È ufficiale, dunque. Il governo ha stabilito con un decreto l’abolizione dei finanziamenti ai partiti. “Ora a decidere saranno i cittadini” ha detto Letta in conferenza stampa, presentando orgoglioso quello che somiglia molto a uno di quei colpi a sorpresa di cui spesso si è servito Berlusconi, quando doveva trarsi d’impaccio nei momenti di maggiore difficoltà.
E, in effetti, non che questo sia un bel momento, per l’esecutivo e per il Paese. Il dilagante malcontento popolare, che ha trovato espressione nello sciopero dei Forconi, richiedeva una risposta immediata ed efficace. Letta lo sapeva, e per cercare di spegnere un incendio tutt’altro che trascurabile, se si considera quanto accaduto a Milano, a Torino e in Puglia, ha deciso di fare questo regalo di Natale agli Italiani.
Facile pensare che alla svolta abbia contribuito anche il trionfo di Matteo Renzi alle primarie. Il neosegretario del Pd sosteneva da sempre la necessità di dare un segnale forte dicendo stop al fiume di denaro pubblico che ogni anno entrava nelle casse dei partiti. Il premier è consapevole che il Rottamatore non è Epifani, e che non ha nessunissima intenzione di recitare il ruolo di comparsa nel teatro della politica. Oggi il Pd, forte anche del passaggio di Forza Italia all’opposizione, è il partito di maggioranza del governo e intende dettarne l’agenda. Renzi non si accontenterà di mezze riforme. Esige decisioni coraggiose, radicali. E se l’esecutivo non le prenderà, potrebbe dover fare i conti con questa nuova figura carismatica della politica italiana.
L’abolizione del finanziamento ai partiti potrebbe avere effetti rilevanti anche in chiave elettorale. A guadagnarci è sicuramente il Pd, che ha già fatto il pienone alle primarie e che, con questo decreto, realizza un altro gol di importanza capitale. Giorni così felici, per i democratici, non si vedevano da parecchio. Chi invece, probabilmente, rischia di essere oscurato da questa situazione, è il Movimento Cinque Stelle. Grillo ne è consapevole e già ieri, subito dopo l’annuncio di Letta, ha bollato l’abolizione come una “presa per il culo”, attaccando duramente il Pd e invitandolo a restituire i 45 milioni di rimborsi ricevuti, a partire da quelli di luglio. Al di là dei proclami, l’irritazione dei grillini è evidente. Non si aspettavano una mossa del genere e sono stati colti in contropiede. Il colpo di Letta sembra essere andato a segno.

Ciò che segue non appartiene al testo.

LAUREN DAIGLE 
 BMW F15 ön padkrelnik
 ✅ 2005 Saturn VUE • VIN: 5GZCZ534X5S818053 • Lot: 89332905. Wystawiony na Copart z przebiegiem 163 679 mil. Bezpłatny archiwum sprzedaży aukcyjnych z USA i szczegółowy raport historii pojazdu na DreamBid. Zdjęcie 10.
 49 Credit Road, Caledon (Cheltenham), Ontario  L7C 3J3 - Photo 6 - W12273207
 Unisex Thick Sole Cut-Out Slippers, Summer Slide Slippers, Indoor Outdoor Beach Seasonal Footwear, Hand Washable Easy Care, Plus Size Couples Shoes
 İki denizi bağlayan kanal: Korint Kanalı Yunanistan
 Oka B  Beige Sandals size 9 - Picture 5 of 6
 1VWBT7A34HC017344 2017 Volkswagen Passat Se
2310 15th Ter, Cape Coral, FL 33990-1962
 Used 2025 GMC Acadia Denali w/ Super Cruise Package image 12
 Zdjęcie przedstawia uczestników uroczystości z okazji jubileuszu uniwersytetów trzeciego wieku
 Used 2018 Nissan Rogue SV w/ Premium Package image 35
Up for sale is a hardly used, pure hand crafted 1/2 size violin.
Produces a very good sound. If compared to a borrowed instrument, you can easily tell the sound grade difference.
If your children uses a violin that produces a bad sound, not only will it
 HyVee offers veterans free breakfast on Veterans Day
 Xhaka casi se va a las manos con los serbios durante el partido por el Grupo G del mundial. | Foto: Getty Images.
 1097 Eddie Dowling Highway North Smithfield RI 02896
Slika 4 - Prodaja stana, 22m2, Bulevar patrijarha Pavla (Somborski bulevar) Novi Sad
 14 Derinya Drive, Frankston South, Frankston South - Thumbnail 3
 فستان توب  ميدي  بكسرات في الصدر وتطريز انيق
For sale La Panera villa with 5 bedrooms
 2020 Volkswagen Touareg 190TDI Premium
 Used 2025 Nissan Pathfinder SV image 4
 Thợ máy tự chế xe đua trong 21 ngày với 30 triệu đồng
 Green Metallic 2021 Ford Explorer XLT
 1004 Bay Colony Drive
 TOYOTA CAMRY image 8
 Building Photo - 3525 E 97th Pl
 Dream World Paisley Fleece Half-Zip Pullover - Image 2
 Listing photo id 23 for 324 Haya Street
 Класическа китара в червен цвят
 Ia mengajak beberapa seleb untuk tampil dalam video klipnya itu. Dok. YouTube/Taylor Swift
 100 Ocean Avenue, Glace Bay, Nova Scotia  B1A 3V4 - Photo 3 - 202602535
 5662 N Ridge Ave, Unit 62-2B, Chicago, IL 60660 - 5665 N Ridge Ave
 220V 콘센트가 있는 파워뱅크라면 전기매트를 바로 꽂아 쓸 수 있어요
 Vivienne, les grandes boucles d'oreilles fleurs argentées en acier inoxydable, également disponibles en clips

In concreto, il decreto prevede nel 2014 una riduzione del finanziamento pubblico del 25%, nel 2015 del 50% e nel 2016 del 75%, fino ad arrivare nel 2017 all’abolizione totale, sostituita dai contributi volontari dei cittadini tramite il due per mille. Senza dubbio un passo importante, a cui dovranno necessariamente seguirne altri. Il ritardo che la politica deve colmare rispetto al Paese reale è ancora ampio. Gli Italiani si erano pronunciati per lo stop ai fondi destinati ai partiti già nel lontano 1993, attraverso un referendum promosso dai Radicali. Erano altri tempi, è vero, si era nel bel mezzo della stagione di “Mani pulite”. Ma si trattava comunque della volontà popolare, e in vent’anni le classi dirigenti che si sono alternate alla guida dello Stato non hanno mai potuto, o voluto, rispettarla. Lo ha fatto ieri un governo strano, composto da voci differenti e per molti versi opposte, frutto di larghe intese che di recente si sono fatte un po’ più strette.
Basterà a risolvere tutti i problemi? No, ovviamente non basterà. Ma, anche se la strada per riavvicinare i cittadini alla politica rimane lunga e difficile, era un segnale che bisognava dare. A patto che ora non ci si fermi qui.